Le malaise

MY GOD que je fais du coq à l’âne, moi, parfois, c’est –selon- déconcertant, surprenant, renversant…
Petite intro pour expliquer le cheminement qui m’a mené à ce billet, donc!
Dimanche soir, j’ai écouté en bonne partie «Tout le monde en parle», on & off à travers d’autres occupations et conversations.
Mais j’ai attrapé l’entrevue qui me tenait le plus à cœur, celle de mon idole de tous les temps, le grand Yvon Deschamps. Qui m’a un peu surprise, par ailleurs, de par ses propos, mais passons, ce n’est pas le but de ce billet.
Yvon Deschamps, donc, qui parlait du malaise et du grand plaisir (je crois que c’est le mot qu’il a utilisé) qu’il a retiré et qu’il retire encore en réaction à ses monologues souvent dérangeants.
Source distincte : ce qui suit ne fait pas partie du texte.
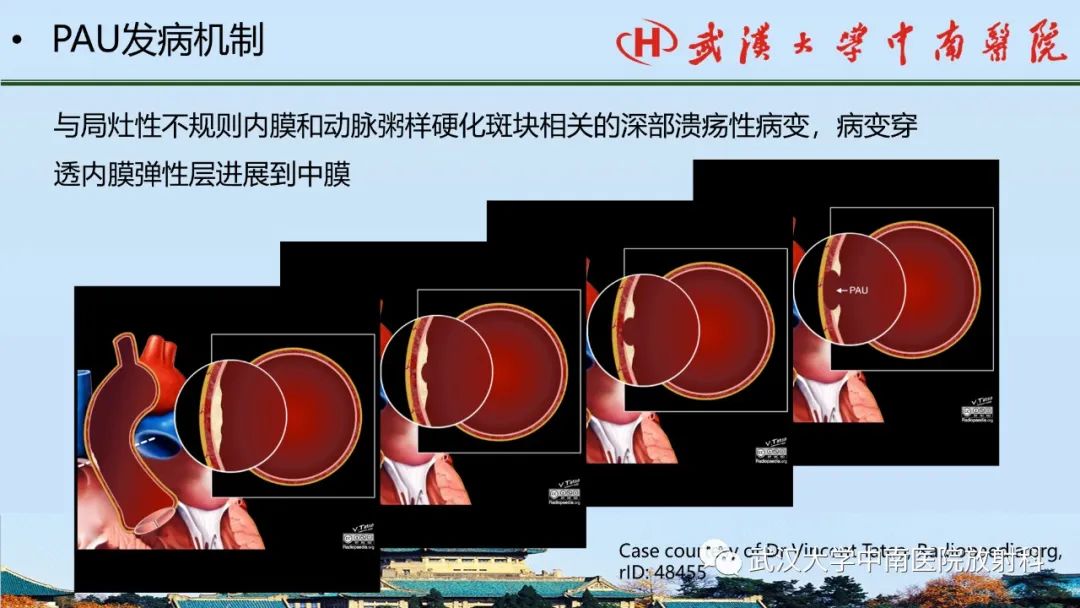影像PPT - 【PPT】主动脉壁内血肿和穿透性溃疡的影像学诊断-32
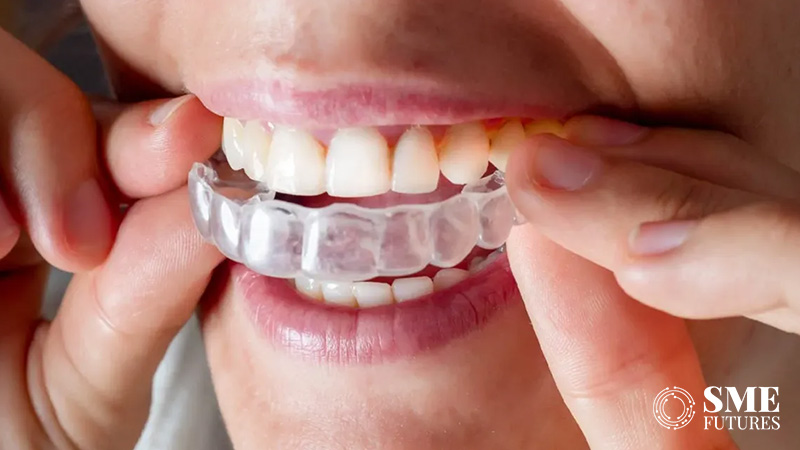 India clear aligners market on rise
Ou qui traitent de sujets sérieux, pas toujours évidents, mais de façon tellement ironique, pour brasser un peu les spectateurs mais tout en les faisant rire. Il disait que c’est ce malaise, lui, qui l’intéresse le plus dans ce qu’il fait (si bien, j’ajoute!).
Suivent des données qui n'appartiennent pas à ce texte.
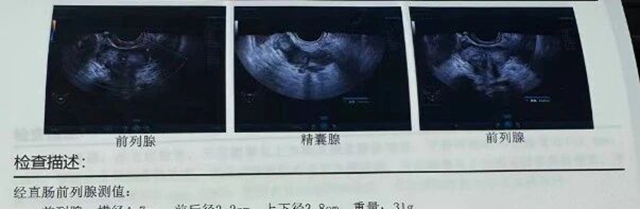 男子半小时3趟厕所,天天夜尿2趟,竟是这些生活小习惯导致,90%成人都有!(图1) 1.jpg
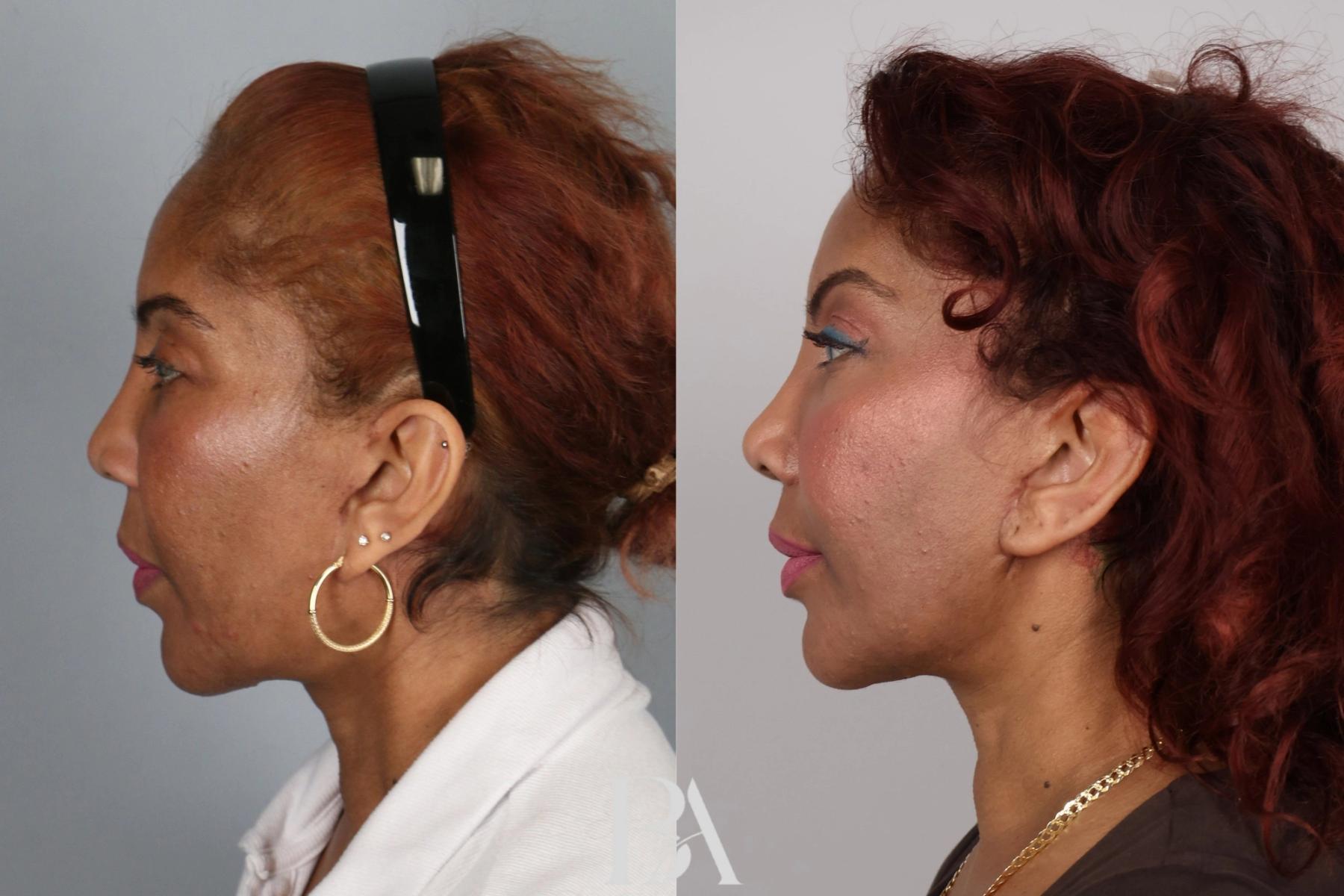 Rhinoplasty before and after — side view, Dr. Beina Azadgoli, Beverly Hills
Je réfléchissais donc à cette notion de malaise, spécialement dans le cadre d’un spectacle, ou autre. Et c’est ce qui m’a fait repenser à un film que j’ai vu l’an dernier au FNC, qui m’avait effectivement procuré tout un sentiment de malaise. Et c’est vrai qu’il y a quelque chose de vraiment intéressant/fascinant dans la capacité de produire (volontairement) et de (réussir à) susciter un tel effet à travers une oeuvre, quelle qu’elle soit.
Ce film, c’est «La tourneuse de pages», avec Catherine Frot. Qui est, pour moi, une actrice de grand talent. Elle m’a ravie dans «Un air de famille». En fait je l’ai toujours trouvée très bonne. Bonne comme du bonbon, en quelque sorte. Qu’on imagine mal jouer des rôles de vilaines, ou des personnages ambigüs peut-être. Mais dans ce film, c’est tout à fait cela. Un personnage condescendant, méprisant, ambivalent, qui vient nous chercher. Un rôle déstabilisant (bizarrement autant pour le personnage dans le film que pour nous, on a l’impression – faut le voir pour comprendre) mais qu’elle a rendu avec brio et crédibilité.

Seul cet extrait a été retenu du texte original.